From the middle of the 8th century to the 10th, Brycheiniog proper often bore the brunt of Mercian attacks, and many of the castles on its eastern border had their origin in that period. Subsequently, when Bernard de Newmarch and his Norman followers obtained possession of the country in the last quarter of the 11th century, these were converted into regular fortresses. Bernard himself initiated this policy by building a castle at Talgarth on the Upper Wye, but in 1091 he moved southwards, defeated the regulus of Brycheiniog, Bleddyn ab Maenarch, and his brother-in-law Rhys ap Tewdwr, the prince of south-west Wales, and with materials obtained from the Roman fort of Caer Bannau, built a castle at Brecon, which he made his caput baroniae. Brycheiniog was then converted into a lordship marcher and passed to the Fitzwalter, de Breos, the Bohun and the Stafford families in succession, remaining unaffected by the Statute of Rhuddlan (1282), as it formed part of the marches, and not of the principality of Wales.

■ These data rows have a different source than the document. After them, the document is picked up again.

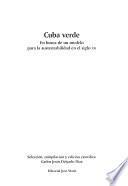 Cuba verde
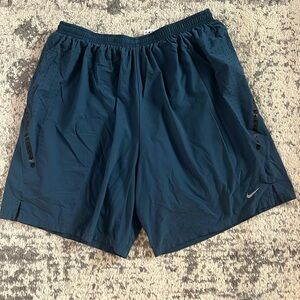 Nike running shorts
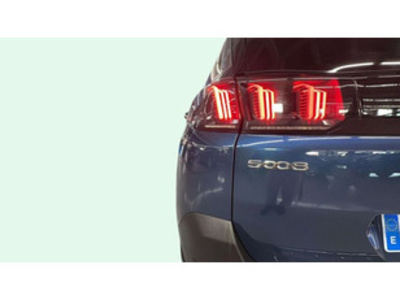 Peugeot 5008 PureTech 130 S&S GT 96 kW (130 CV) Peugeot 5008 PureTech 130 S&S GT 96 kW (130 CV)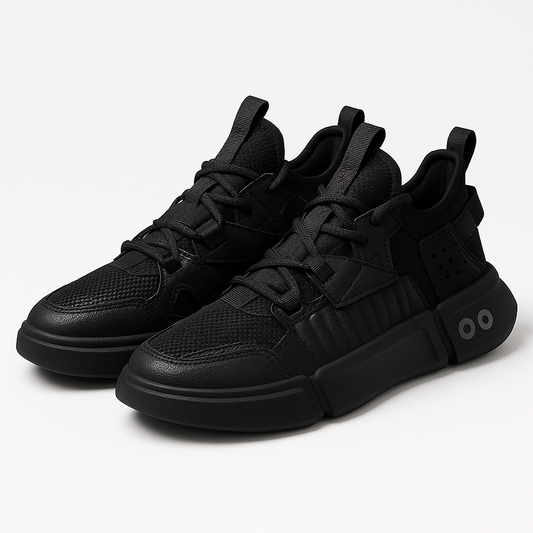 Men's Chunky High-Top Sneakers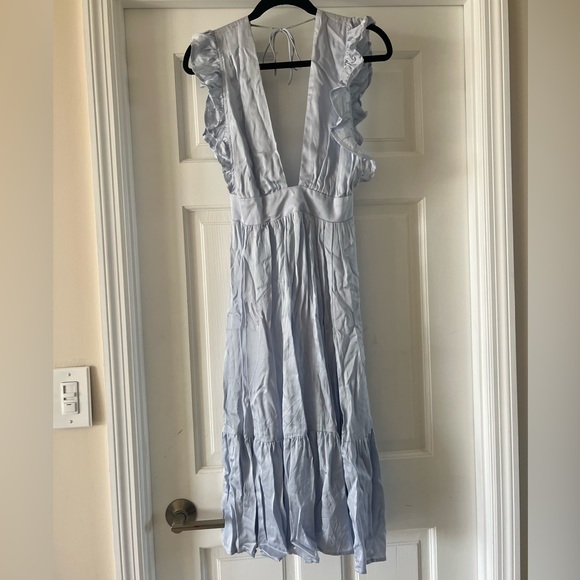 LILAC DRESS - Picture 1 of 3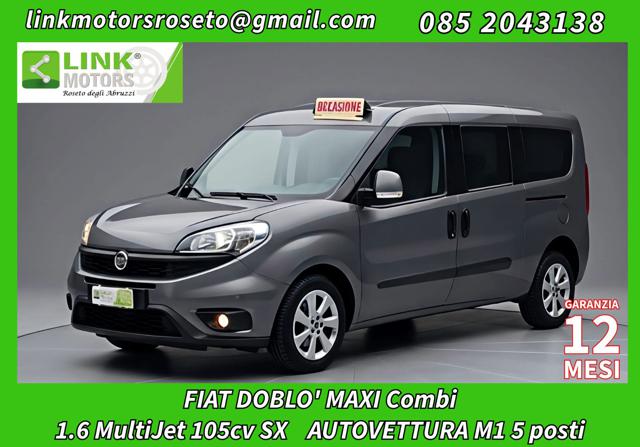 FIAT Doblo usata, con ABS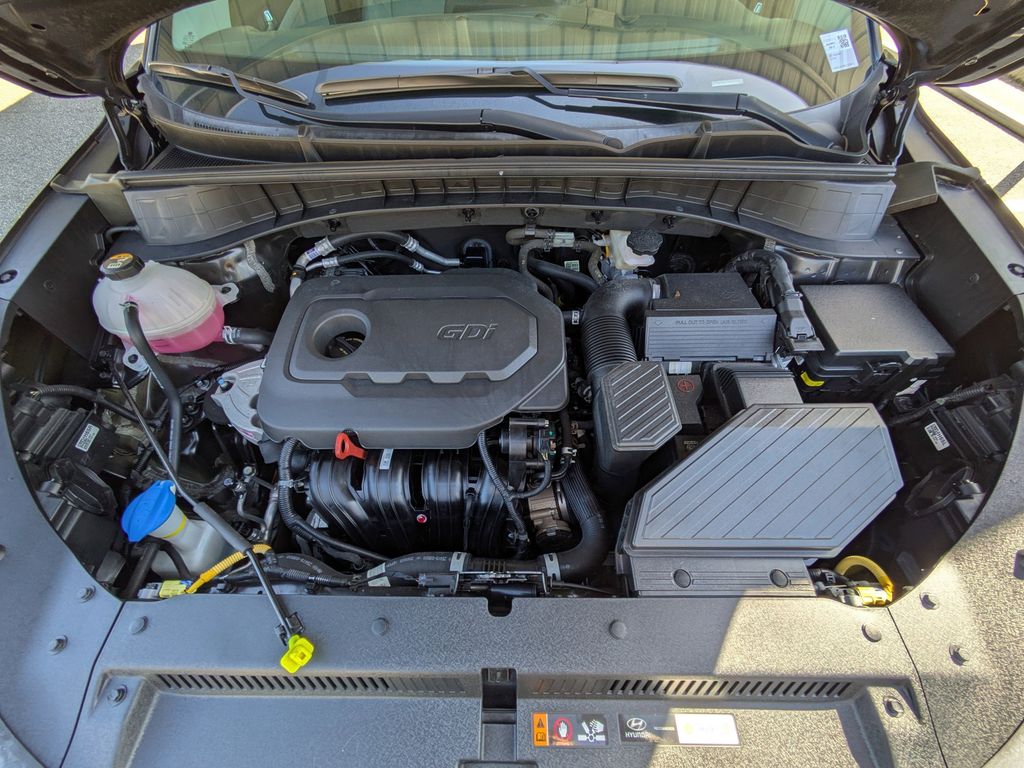 Thumbnail: 2021 Hyundai Tucson - 9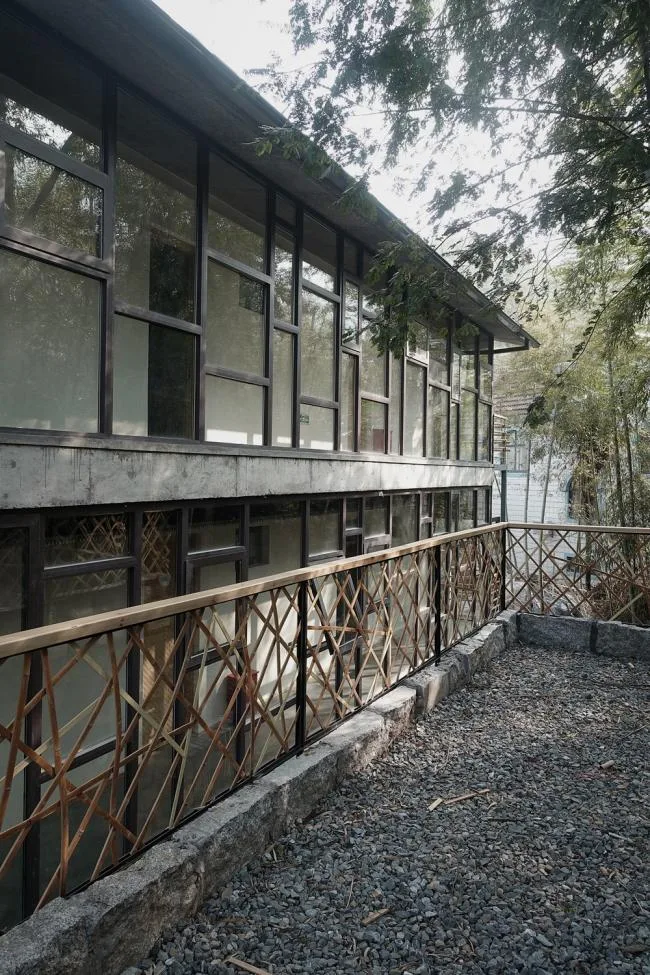 BIM Architecture | Anji Shanchuan Township Residence/Shanghai Shanxiang Architectural Design Co., Ltd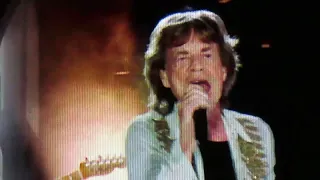 Rolling Stones - Like a Rolling Stone (live)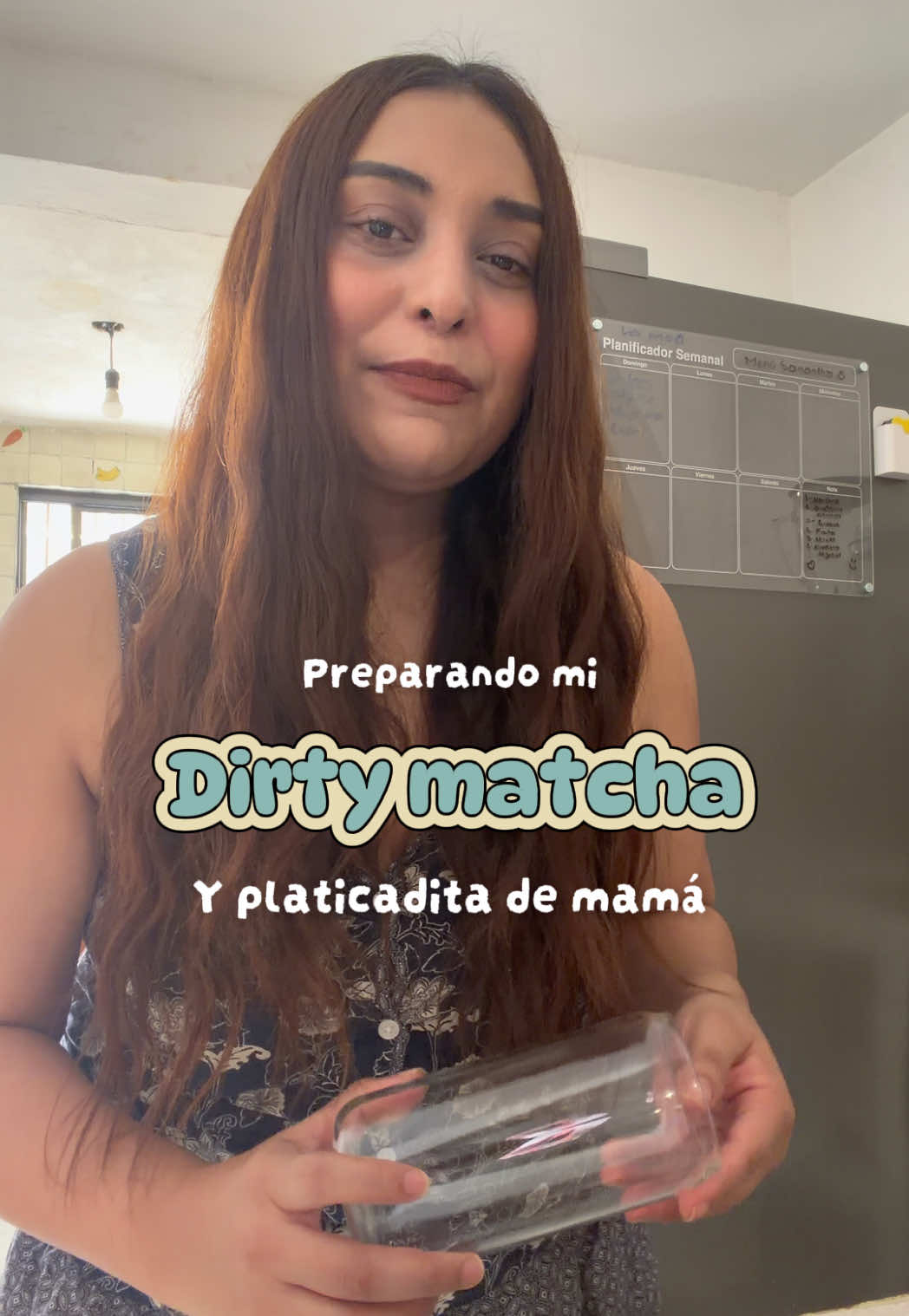 @Abril Hernández | Mom life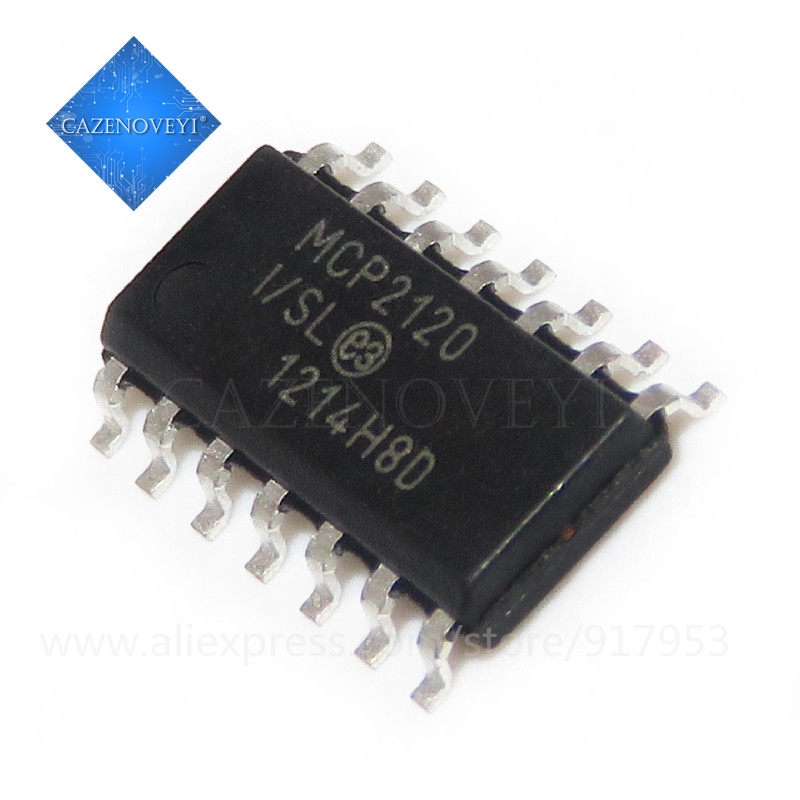 2 Cái MCP2120-I / SL MCP2120 SOP-14 Còn hàng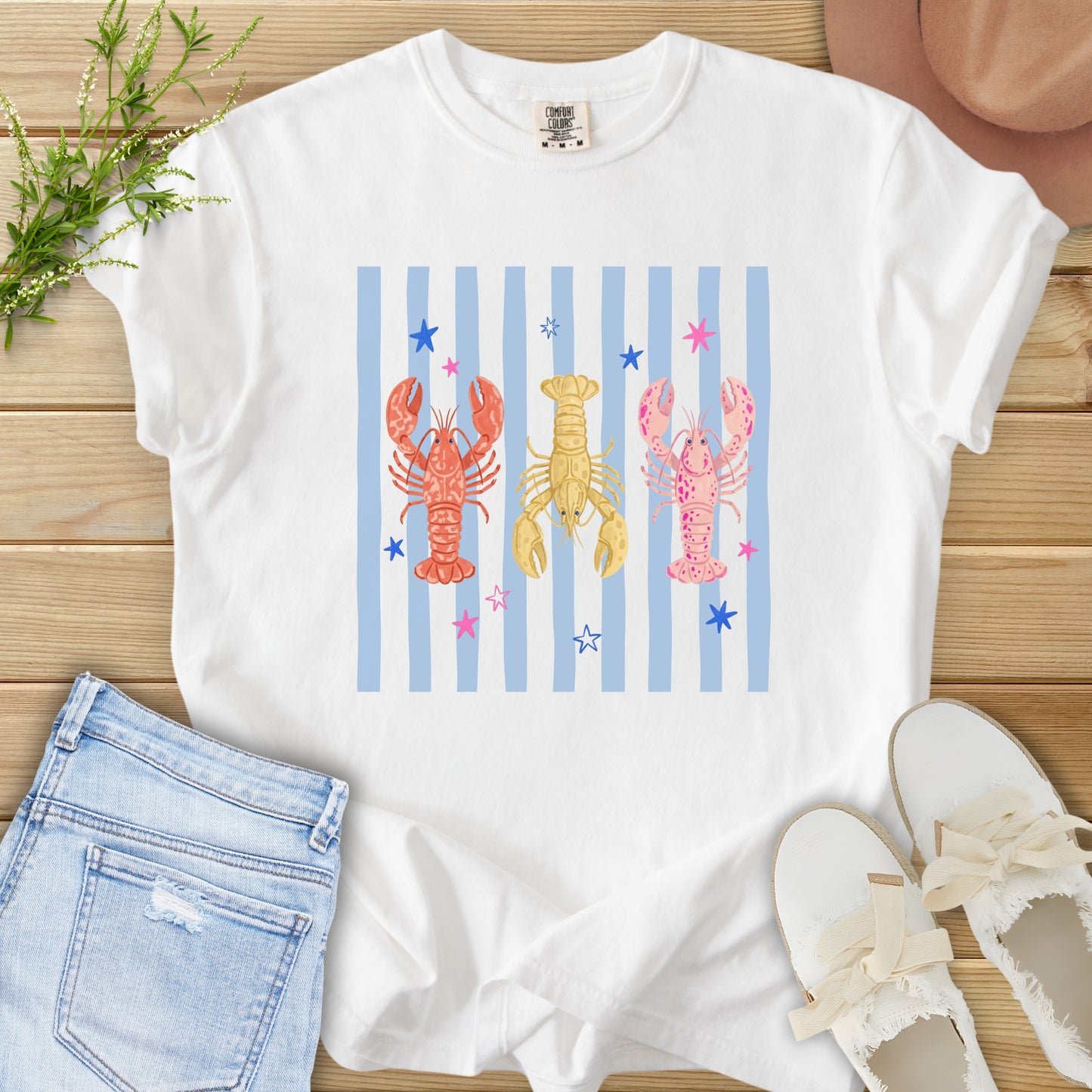 Shore Thing Tee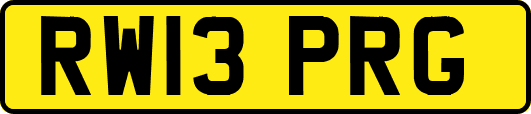 RW13PRG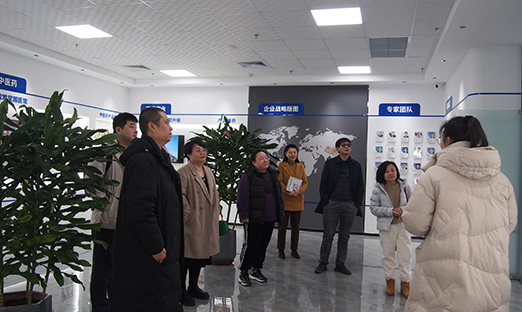 山东省公共卫生临床中心与山东BBIN宝盈集团控股集团专家团队共振，共谱创新合作新篇章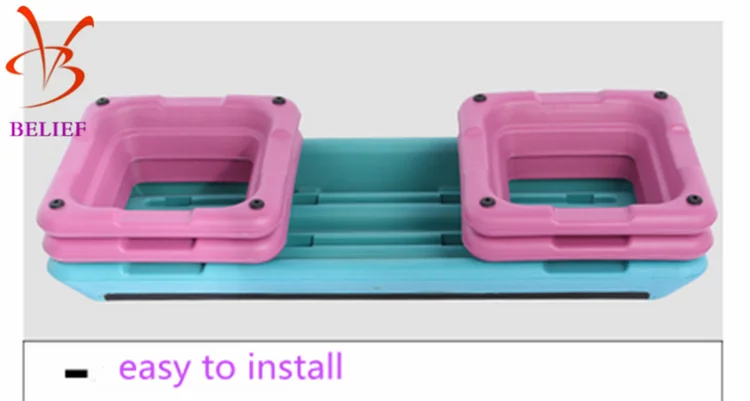 aerobic step platform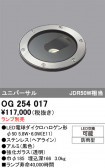 ODELIC �����ǥ�å� LED �������ƥꥢ�饤�� OG254017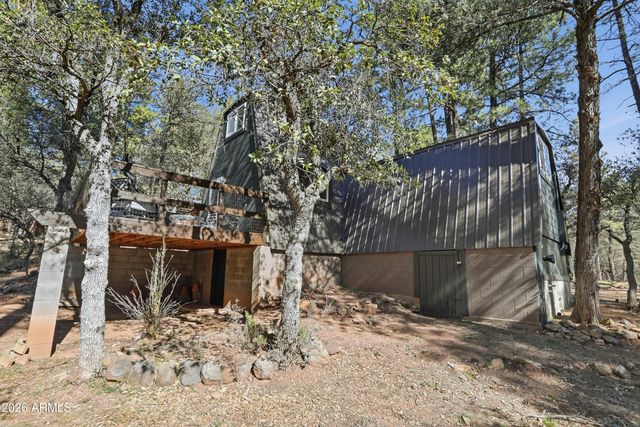 3758 N Hunt Drive, Pine, AZ 85544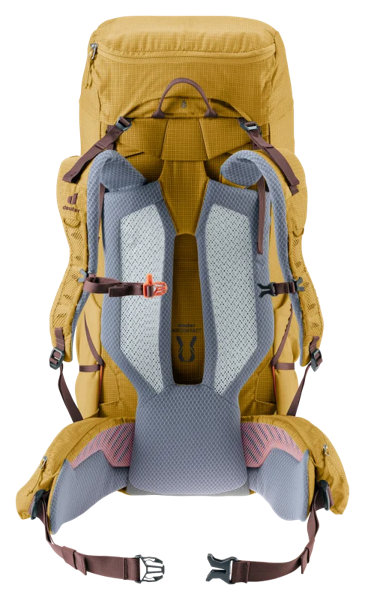 Deuter Aircontact Ultra 50+5 – nosný systém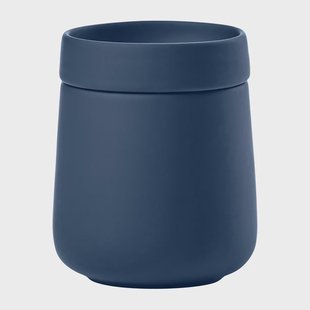 Zone Denmark Nova One pot met deksel 290 ml Royal blue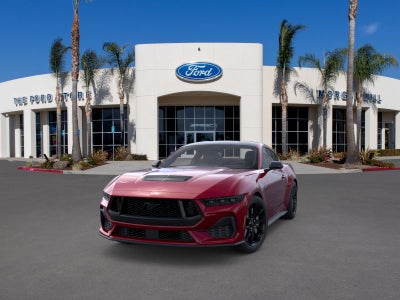 2026 Ford Mustang GT Fastback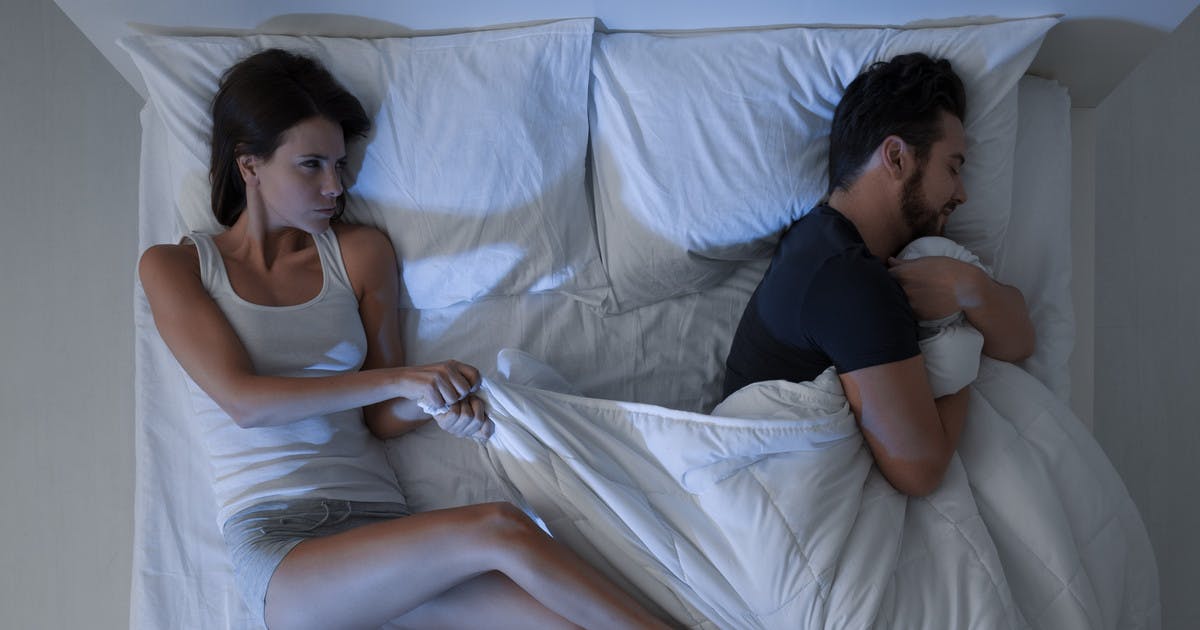 REVEALED the biggest pet peeves of couples (and it isn’t snoring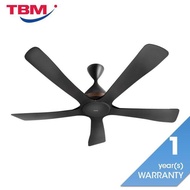 Panasonic F-M15ECVBKSH Ceiling Fan 60" 5 Blade Wifi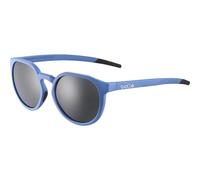 Bollé - MERIT, Azure Matte, HD Polarized TNS, Small, Sunglasses, Unisex, Adult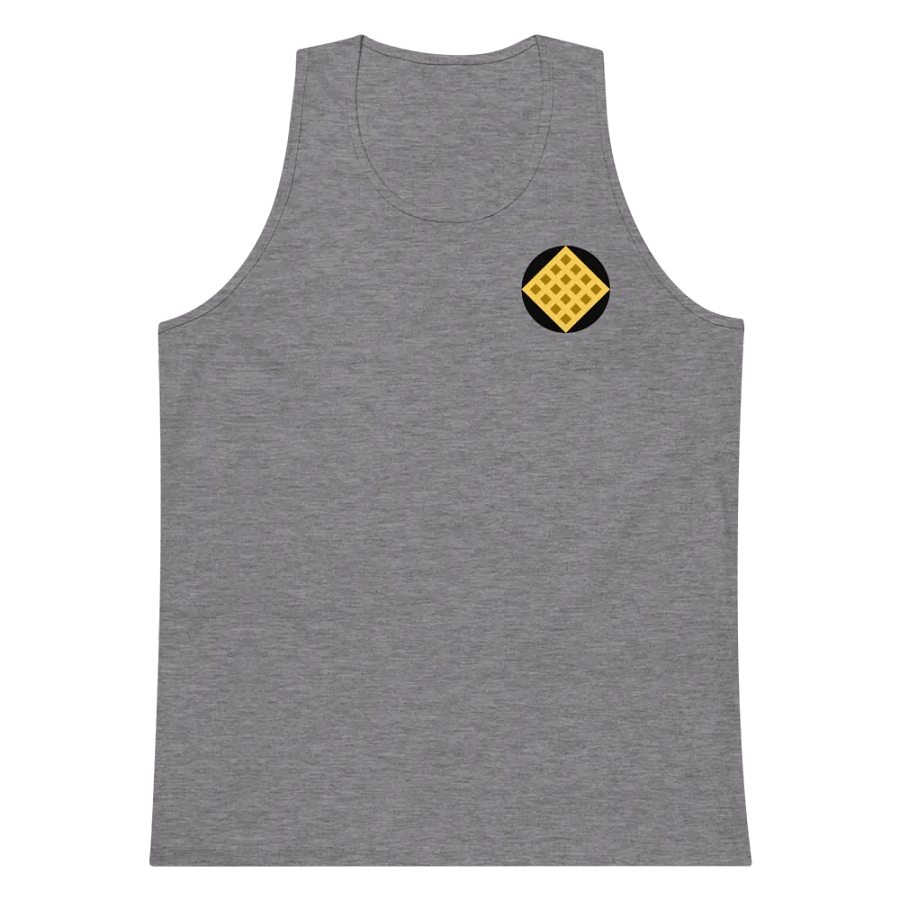 Prolly fine Waffletank product image (5)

The Irfon valley, near Builth, was, however, the scene of the last struggle between the English and Llewelyn, who in 1282 fell in a petty skirmish in that district. The old spirit of independence flickered once again when Owen Glendower marched to Brecon in 1403. Upon the attainder of Edward, duke of Buckingham, in 1521, the lordship of Brecon with its dependencies became vested in the crown. In 1536 it was grouped with a whole series of petty lordships marcher and the lordship of Builth to form the county of Brecknock with Brecon as the county town, and the place for holding the county court. The county returns one member to parliament, and has done so since 1536; the borough of Brecon, with the town of Llywel, had also a separate representative from the same date till 1885, when it became merged in the county.